Of course, stories like that merely reflect the beliefs of that time. That could explain why the salt thing has persisted for so long. I’m sure a billion other people have, too, before and since then, but it stuck. As for the tossing of the salt after it’s spilled, that is, also, considered a religious thing, probably for the same reason as above. It’s supposed to counteract a bad omen by hitting the devil on your left shoulder in the face with it. Take that!
The Wrong Side Of The Bed
Here’s another bad one for left-handed people. Back in Ancient Rome, the people believed that the left side, of anything, was bad luck. Therefore, to place your left foot on the floor before your right foot, when getting up in the morning, invited bad luck to follow you for the rest of the day. Other cultures believe that getting out on the left side is good. Because the left side of the brain is the side of logic and rational thought. I get out of bed at the bottom, with both feet. What could that possibly mean?
I can’t seem to find the origin for this one, but legend has it that if you go to a Crossroads on Halloween night, the wind will tell you everything bad that will happen to you in the upcoming year. I think I’d rather have them one at a time, instead of all at once like that. It keeps life mysterious.

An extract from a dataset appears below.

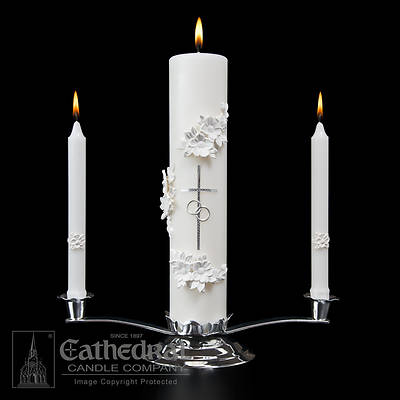 Holy Matrimony Candle Ensemble - Silver and White
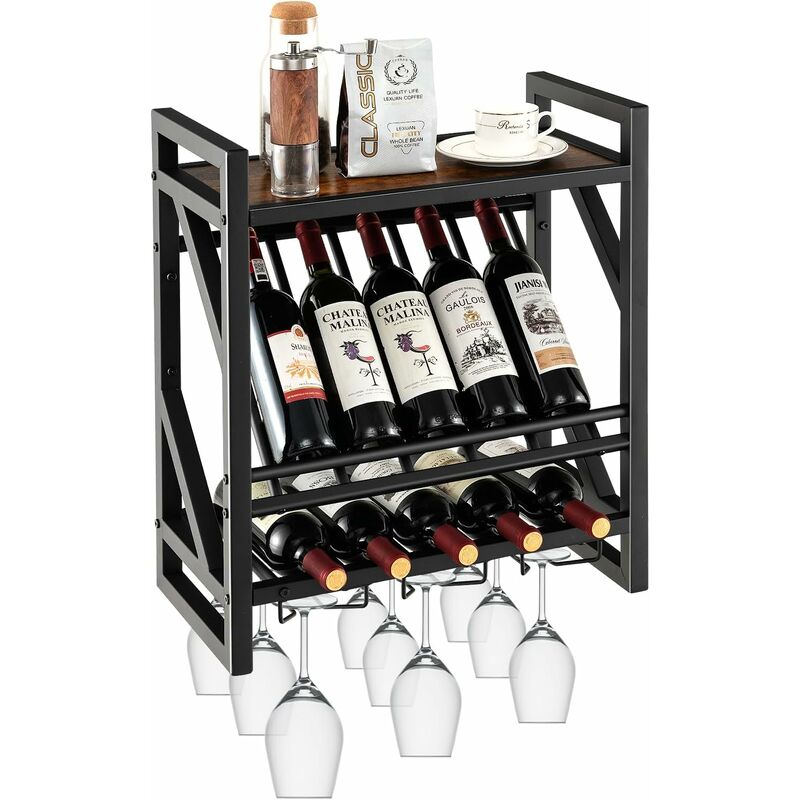 foto del prodotto costway portabottiglie da parete, scaffale espositivo per vino industriale con portabottiglie a 2 livelli per 10 bottiglie, portabottiglie da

Many people have wondered where and why superstitions have started. The Where is unique to each fear, but the Why is universal. Sure, each fear has some specific examples as to what caused it, but the fact is that these superstitions were created as a way to try to find order in a chaotic world.
Sometimes, people can’t accept that things just happen. So, they create fantastical rules and circumstances to place on situations: things like, “The Devil caused the plague” instead of figuring out the actual cause, (like, ahem, never bathing, ahem). It’s your choices that make things happen the way they do and not some supernatural, sentient, half-goat looking creature. Scare on!